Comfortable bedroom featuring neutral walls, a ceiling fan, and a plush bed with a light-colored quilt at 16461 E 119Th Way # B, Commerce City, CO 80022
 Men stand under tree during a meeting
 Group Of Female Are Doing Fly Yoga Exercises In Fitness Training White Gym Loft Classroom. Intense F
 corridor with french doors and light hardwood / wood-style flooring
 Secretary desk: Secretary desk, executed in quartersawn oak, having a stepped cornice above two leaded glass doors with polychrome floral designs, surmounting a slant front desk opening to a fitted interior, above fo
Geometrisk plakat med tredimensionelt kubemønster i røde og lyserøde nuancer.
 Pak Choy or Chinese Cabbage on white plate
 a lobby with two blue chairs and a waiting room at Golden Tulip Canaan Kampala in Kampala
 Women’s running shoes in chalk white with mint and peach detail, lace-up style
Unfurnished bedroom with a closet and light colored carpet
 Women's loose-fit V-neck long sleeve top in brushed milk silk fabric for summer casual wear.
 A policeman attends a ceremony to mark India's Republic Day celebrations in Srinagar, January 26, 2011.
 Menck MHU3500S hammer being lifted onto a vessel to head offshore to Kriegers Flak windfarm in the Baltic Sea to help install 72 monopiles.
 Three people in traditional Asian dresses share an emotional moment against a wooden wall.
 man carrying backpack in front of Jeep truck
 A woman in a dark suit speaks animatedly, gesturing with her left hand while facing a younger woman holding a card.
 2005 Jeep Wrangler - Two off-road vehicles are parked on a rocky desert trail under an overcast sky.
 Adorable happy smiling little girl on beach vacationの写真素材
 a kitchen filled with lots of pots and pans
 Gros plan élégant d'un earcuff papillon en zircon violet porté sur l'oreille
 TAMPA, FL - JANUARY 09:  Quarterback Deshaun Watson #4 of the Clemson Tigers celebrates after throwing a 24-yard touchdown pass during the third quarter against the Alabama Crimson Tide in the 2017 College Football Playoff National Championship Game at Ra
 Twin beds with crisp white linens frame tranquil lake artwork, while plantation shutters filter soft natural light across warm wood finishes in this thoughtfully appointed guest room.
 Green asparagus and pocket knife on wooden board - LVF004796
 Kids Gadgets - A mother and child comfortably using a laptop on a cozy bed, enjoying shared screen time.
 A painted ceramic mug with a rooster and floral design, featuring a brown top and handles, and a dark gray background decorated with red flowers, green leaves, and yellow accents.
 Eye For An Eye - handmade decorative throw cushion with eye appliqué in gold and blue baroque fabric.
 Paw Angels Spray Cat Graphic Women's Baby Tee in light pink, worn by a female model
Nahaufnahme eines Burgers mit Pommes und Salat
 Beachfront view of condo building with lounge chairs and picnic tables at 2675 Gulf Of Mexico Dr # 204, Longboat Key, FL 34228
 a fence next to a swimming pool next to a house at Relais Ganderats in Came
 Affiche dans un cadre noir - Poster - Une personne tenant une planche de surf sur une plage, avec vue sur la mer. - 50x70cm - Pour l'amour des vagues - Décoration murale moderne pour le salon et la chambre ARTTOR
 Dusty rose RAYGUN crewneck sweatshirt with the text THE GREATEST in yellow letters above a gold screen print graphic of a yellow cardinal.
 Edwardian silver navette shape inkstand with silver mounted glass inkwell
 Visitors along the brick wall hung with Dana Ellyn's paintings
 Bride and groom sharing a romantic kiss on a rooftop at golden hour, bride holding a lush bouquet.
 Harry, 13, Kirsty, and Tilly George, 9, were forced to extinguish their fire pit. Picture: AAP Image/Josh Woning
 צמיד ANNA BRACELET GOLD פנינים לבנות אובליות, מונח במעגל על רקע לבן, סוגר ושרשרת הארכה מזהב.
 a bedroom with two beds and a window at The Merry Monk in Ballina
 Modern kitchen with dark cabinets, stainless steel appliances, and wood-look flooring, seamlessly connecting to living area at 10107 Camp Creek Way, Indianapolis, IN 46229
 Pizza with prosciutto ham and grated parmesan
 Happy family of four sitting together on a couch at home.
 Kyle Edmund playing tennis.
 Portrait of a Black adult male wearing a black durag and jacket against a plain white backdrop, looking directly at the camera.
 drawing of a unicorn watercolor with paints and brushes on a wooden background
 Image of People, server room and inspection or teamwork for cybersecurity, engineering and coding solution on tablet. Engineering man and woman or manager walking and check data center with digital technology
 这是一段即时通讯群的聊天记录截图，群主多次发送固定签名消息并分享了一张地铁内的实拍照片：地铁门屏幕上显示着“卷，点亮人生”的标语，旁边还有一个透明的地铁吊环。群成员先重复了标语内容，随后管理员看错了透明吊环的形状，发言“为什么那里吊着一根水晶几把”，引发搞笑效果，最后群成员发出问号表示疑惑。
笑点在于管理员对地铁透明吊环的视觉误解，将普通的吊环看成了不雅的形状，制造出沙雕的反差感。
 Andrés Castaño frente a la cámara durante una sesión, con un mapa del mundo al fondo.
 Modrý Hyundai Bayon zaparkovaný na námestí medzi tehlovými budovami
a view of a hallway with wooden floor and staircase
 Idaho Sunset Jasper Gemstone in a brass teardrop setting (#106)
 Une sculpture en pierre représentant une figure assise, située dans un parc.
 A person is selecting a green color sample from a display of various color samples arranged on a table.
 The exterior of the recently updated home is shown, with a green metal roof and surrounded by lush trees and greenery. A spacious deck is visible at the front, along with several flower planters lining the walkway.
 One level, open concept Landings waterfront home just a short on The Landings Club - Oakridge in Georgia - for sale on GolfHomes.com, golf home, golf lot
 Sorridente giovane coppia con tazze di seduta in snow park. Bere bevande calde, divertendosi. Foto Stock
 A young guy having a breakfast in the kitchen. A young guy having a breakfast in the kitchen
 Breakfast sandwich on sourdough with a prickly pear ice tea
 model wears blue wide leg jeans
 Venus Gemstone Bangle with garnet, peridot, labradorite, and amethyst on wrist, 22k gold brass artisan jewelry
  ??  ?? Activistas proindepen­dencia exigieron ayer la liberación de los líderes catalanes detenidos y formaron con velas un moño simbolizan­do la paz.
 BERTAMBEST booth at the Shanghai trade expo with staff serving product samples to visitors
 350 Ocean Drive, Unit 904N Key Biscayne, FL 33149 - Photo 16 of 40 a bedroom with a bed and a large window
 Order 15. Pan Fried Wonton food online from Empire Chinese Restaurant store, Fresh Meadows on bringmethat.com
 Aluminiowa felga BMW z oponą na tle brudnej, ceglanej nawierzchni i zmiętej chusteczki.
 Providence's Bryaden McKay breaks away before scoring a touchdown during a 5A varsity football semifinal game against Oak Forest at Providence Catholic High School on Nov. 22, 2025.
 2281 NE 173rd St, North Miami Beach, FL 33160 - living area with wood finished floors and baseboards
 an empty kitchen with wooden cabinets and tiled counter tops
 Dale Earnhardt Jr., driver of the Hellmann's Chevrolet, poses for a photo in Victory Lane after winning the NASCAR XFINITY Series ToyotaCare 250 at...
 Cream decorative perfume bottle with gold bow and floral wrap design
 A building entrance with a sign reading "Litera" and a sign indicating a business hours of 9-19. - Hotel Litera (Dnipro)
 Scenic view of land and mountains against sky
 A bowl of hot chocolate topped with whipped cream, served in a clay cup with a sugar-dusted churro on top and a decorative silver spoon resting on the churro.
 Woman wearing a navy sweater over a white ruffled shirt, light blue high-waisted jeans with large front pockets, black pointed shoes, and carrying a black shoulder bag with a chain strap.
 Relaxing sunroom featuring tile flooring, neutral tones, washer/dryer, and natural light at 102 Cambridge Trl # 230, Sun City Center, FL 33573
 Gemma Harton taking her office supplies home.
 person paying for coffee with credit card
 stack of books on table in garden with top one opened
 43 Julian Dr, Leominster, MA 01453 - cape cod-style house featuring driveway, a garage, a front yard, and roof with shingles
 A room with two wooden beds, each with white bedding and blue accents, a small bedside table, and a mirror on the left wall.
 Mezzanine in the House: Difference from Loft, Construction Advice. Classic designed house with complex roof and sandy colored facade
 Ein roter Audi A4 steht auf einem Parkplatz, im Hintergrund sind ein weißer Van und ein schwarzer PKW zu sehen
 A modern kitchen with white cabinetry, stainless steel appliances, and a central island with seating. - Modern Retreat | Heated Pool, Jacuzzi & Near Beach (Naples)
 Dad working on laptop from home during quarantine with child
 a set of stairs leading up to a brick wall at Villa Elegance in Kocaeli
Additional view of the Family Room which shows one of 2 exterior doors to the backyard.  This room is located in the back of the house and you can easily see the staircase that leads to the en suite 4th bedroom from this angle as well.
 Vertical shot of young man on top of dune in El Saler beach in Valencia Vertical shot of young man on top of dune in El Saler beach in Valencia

• ACTIVITY
Which lines of the data include the string "blue"? Copy each of them.

• OUTPUT OF THE TASK
 a lobby with two blue chairs and a waiting room at Golden Tulip Canaan Kampala in Kampala
 Eye For An Eye - handmade decorative throw cushion with eye appliqué in gold and blue baroque fabric.
 model wears blue wide leg jeans
 Woman wearing a navy sweater over a white ruffled shirt, light blue high-waisted jeans with large front pockets, black pointed shoes, and carrying a black shoulder bag with a chain strap.
 A room with two wooden beds, each with white bedding and blue accents, a small bedside table, and a mirror on the left wall.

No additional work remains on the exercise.